**Directions**
Print each record exactly as it appears, but drop the images.
----------------
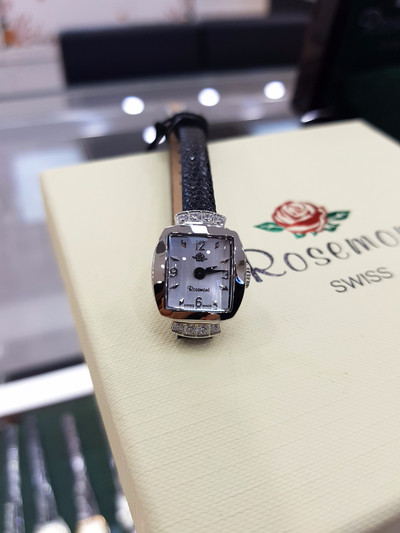 <b><p>Rose Mont ANTIQUE TOUCH ROSE RIES RS 16-03BK</p></b><b><p>ローズモン アンティーク タッチ RIES RS 16-03BK 腕時計 様々なコーディネートルック</p></b><br /><br /><p align='center'>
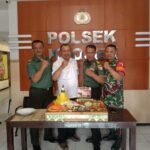 Dalam Rangka HUT Bhayangkara ke 78 2024 Jajaran Koramil 0833/Kota Malang Berikan Tumpeng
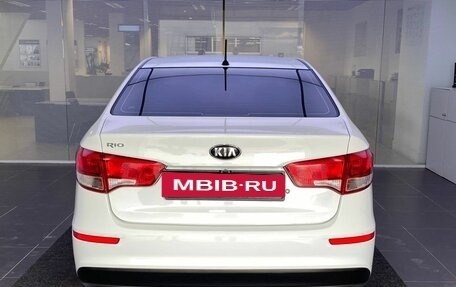 KIA Rio III рестайлинг, 2015 год, 899 000 рублей, 7 фотография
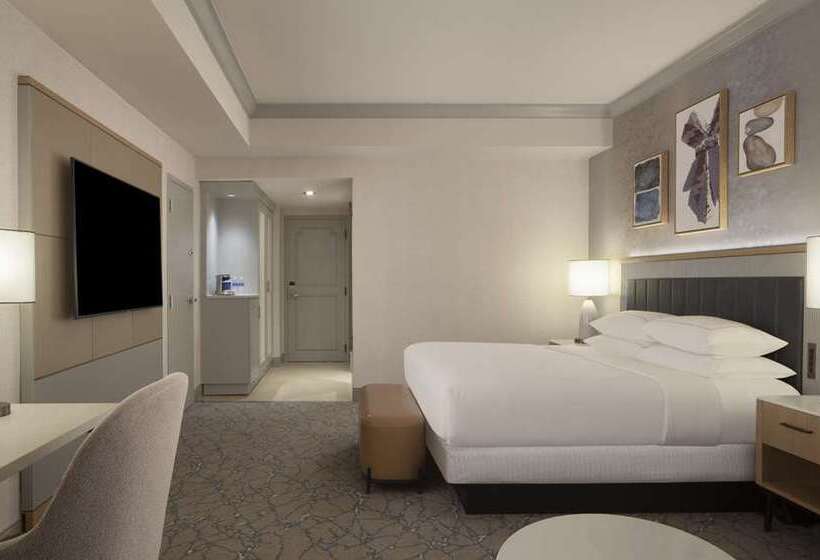 Студия Стандарт, Revel Hotel Des Moines Urbandale, Tapestry Collection By Hilton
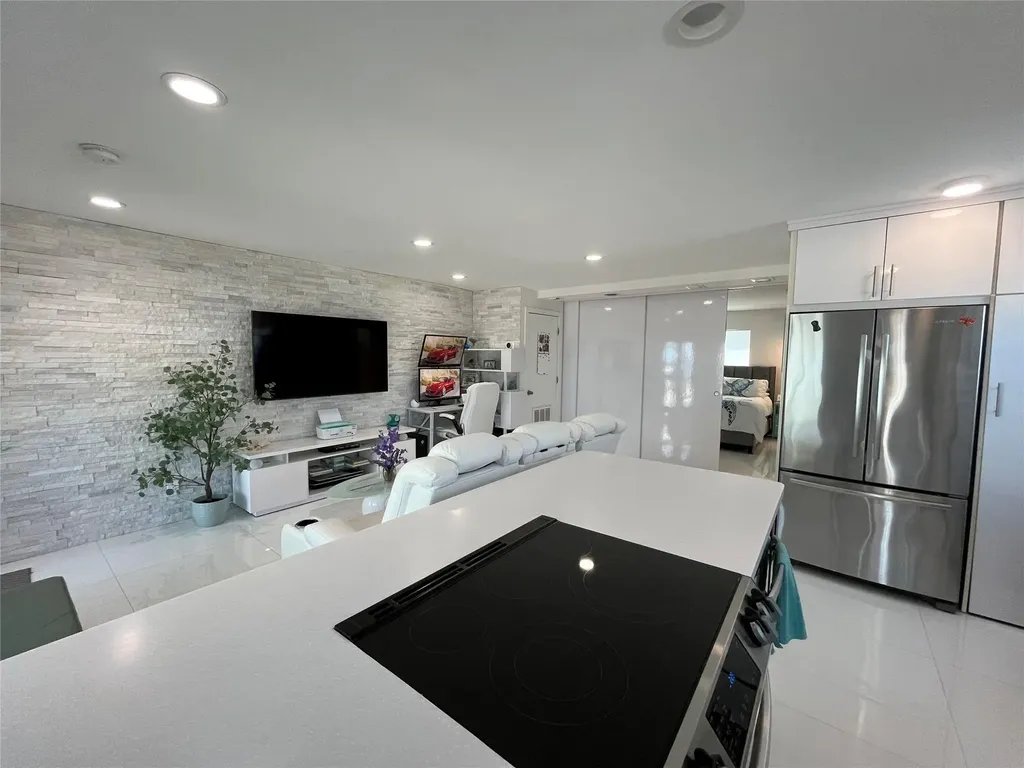 310 S Broadwalk Hollywood FL 33019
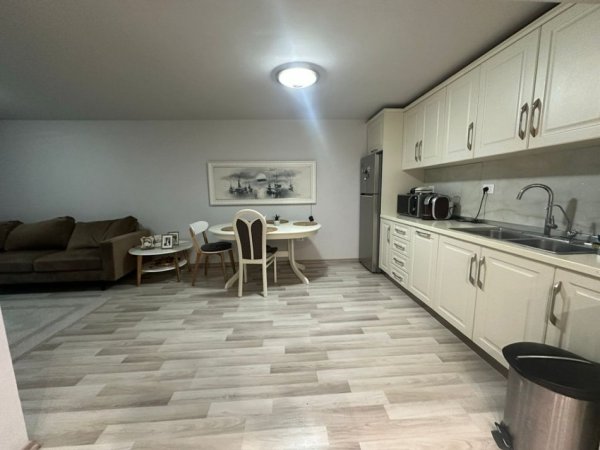 Tirane, shitet apartament 2+1+Ballkon Kati 1, 85 m² 169.000 € (Kodra e diellit)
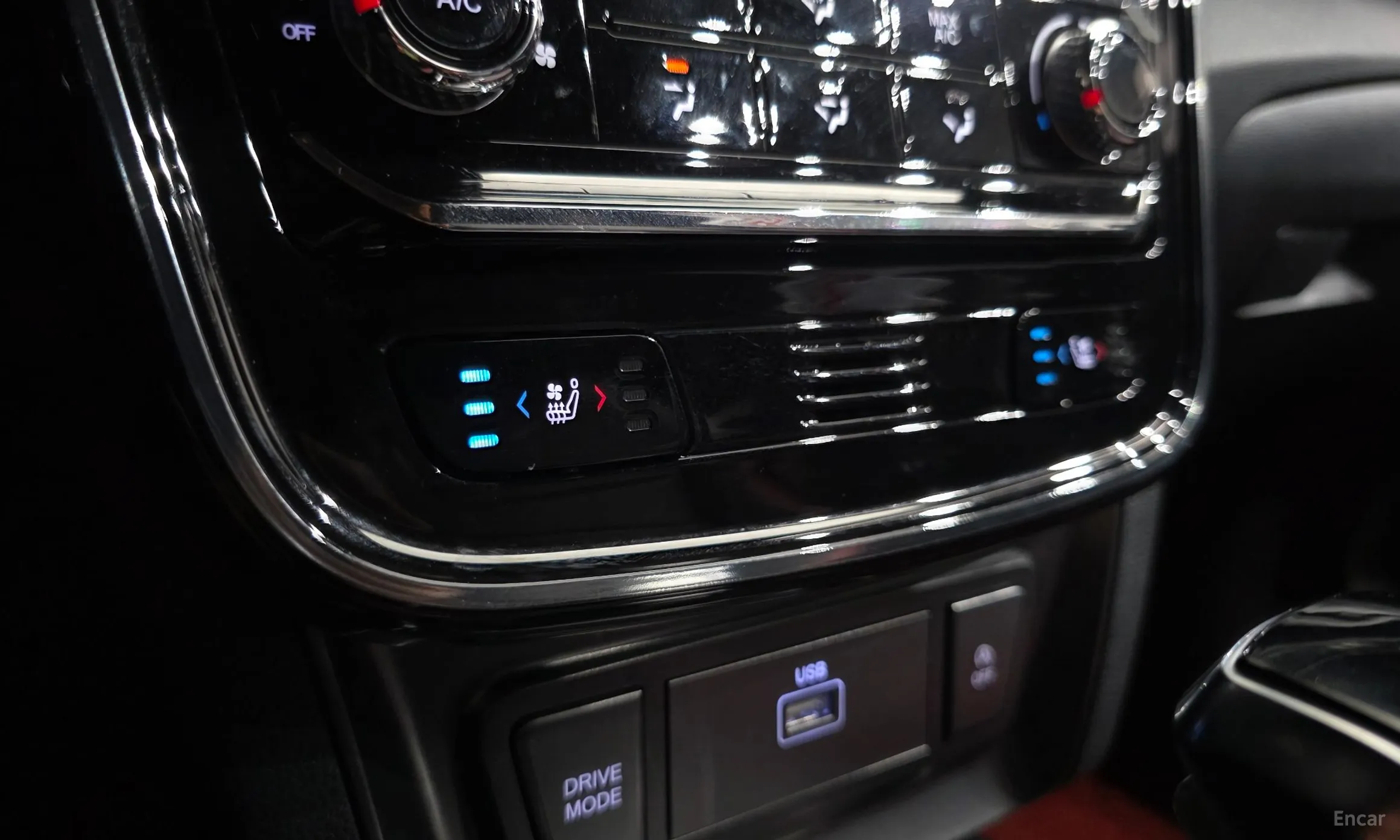KG Mobility (SsangYong) Berry New Tivoli превью 15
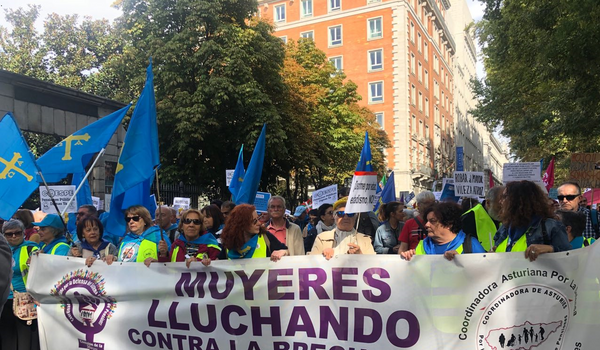 Miles de jubilados llegan a Madrid para reclamar al Gobierno pensiones dignas (fotos, vídeo) Miles de jubilados llegan a Madrid para reclamar al Gobierno pensiones dignas (fotos, vídeo) - Sputnik Mundo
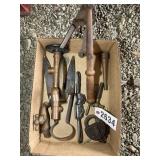 GROUP OF VINTAGE ITEMS INCLUDING LOCK, FAUCETS, SC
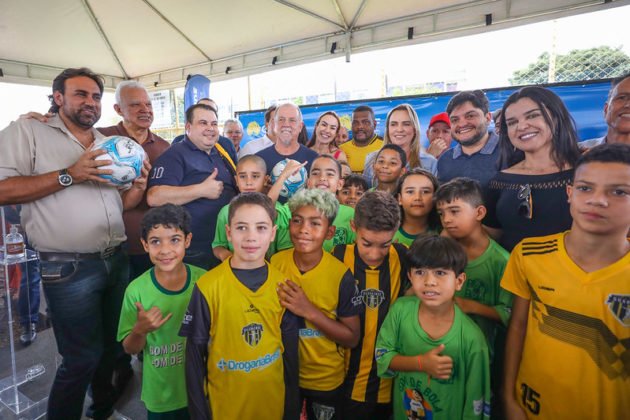 Celina Leão inaugura 6 campos sintéticos reformados no Guará brasilia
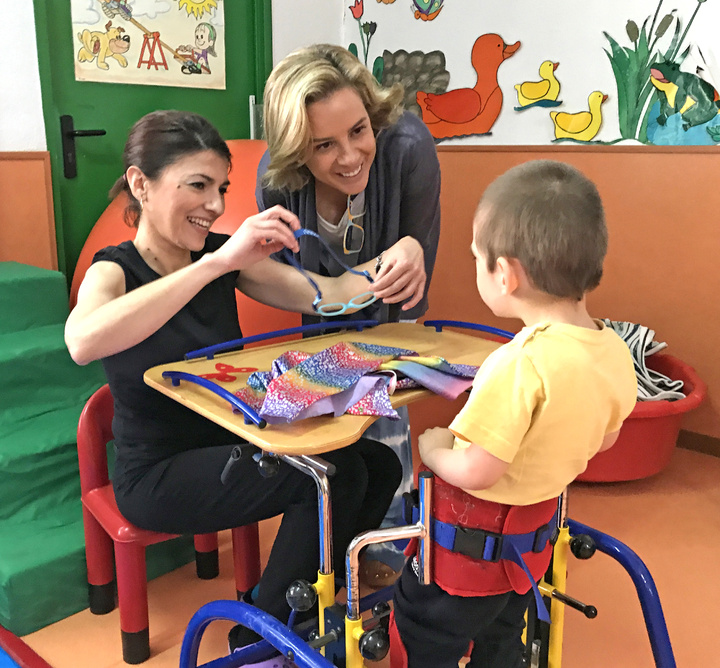 La consejera de Educación, Juventud y Deportes visitó la Escuela Infantil San Basilio de Murcia.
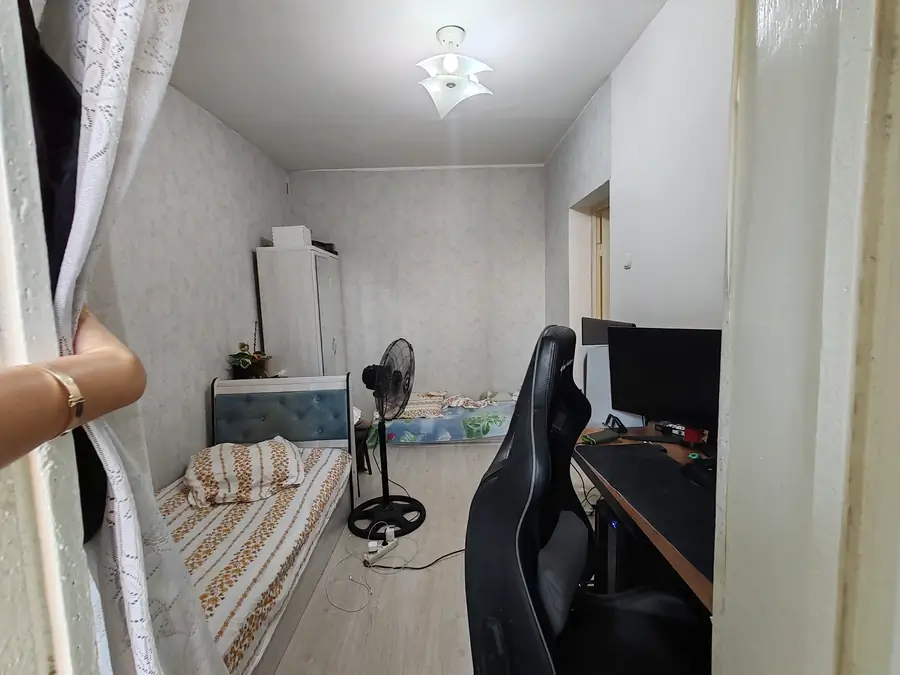 Продается 2-комнатная квартира − 55.8 м²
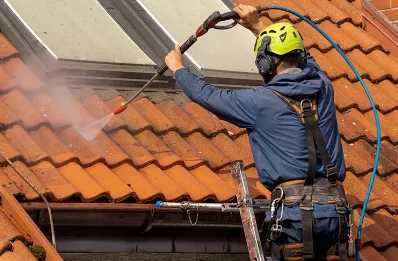 Démoussage et hydrofuge de toiture à Saint-Julien-des-Points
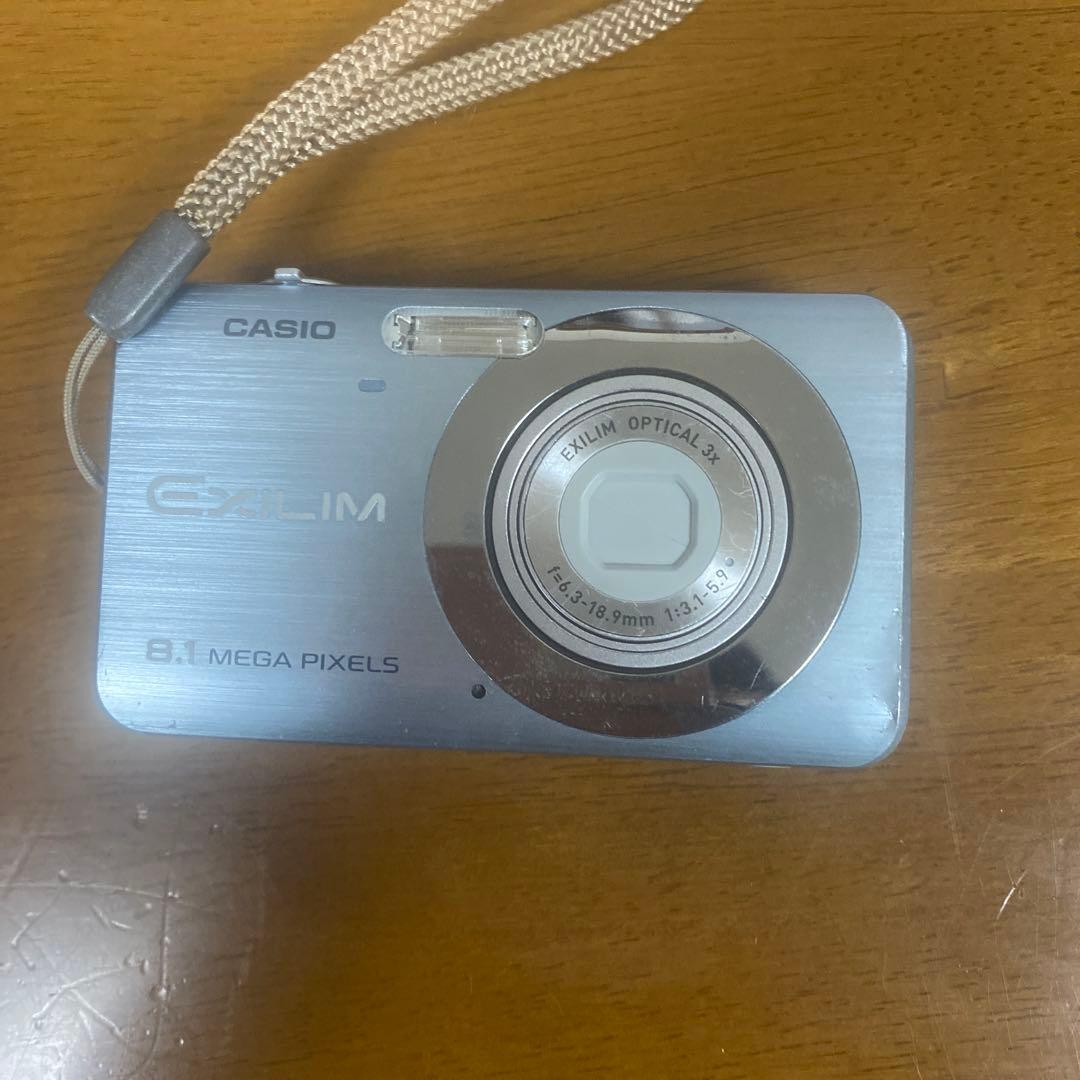 CASIO EXILIM 8.1メガピクセル シルバー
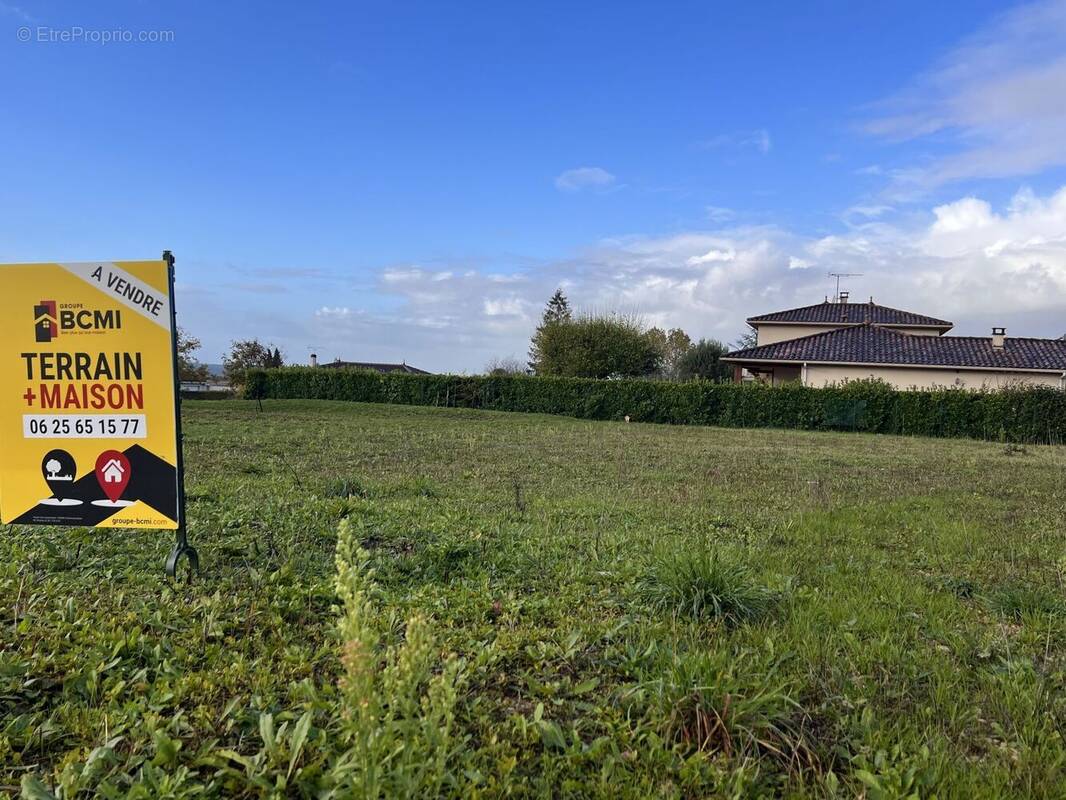 Terrain à RUELLE-SUR-TOUVRE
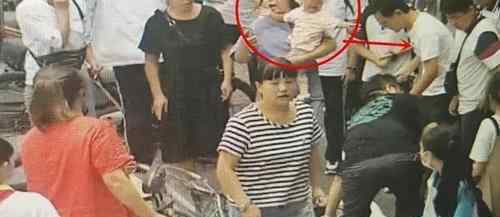 奶爸医生为救人将孩子塞路人 事后未留姓名悄悄离开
----------------
**Result**
 <b><p>Rose Mont ANTIQUE TOUCH ROSE RIES RS 16-03BK</p></b><b><p>ローズモン アンティーク タッチ RIES RS 16-03BK 腕時計 様々なコーディネートルック</p></b><br /><br /><p align='center'>
 Dalam Rangka HUT Bhayangkara ke 78 2024 Jajaran Koramil 0833/Kota Malang Berikan Tumpeng
 KIA Rio III рестайлинг, 2015 год, 899 000 рублей, 7 фотография
 Студия Стандарт, Revel Hotel Des Moines Urbandale, Tapestry Collection By Hilton
 310 S Broadwalk Hollywood FL 33019
 Tirane, shitet apartament 2+1+Ballkon Kati 1, 85 m² 169.000 € (Kodra e diellit)
KG Mobility (SsangYong) Berry New Tivoli превью 15
 Miles de jubilados llegan a Madrid para reclamar al Gobierno pensiones dignas (fotos, vídeo) Miles de jubilados llegan a Madrid para reclamar al Gobierno pensiones dignas (fotos, vídeo) - Sputnik Mundo
 GROUP OF VINTAGE ITEMS INCLUDING LOCK, FAUCETS, SC
 Celina Leão inaugura 6 campos sintéticos reformados no Guará brasilia
 La consejera de Educación, Juventud y Deportes visitó la Escuela Infantil San Basilio de Murcia.
 Продается 2-комнатная квартира − 55.8 м²
 Démoussage et hydrofuge de toiture à Saint-Julien-des-Points
 CASIO EXILIM 8.1メガピクセル シルバー
 Terrain à RUELLE-SUR-TOUVRE
 奶爸医生为救人将孩子塞路人 事后未留姓名悄悄离开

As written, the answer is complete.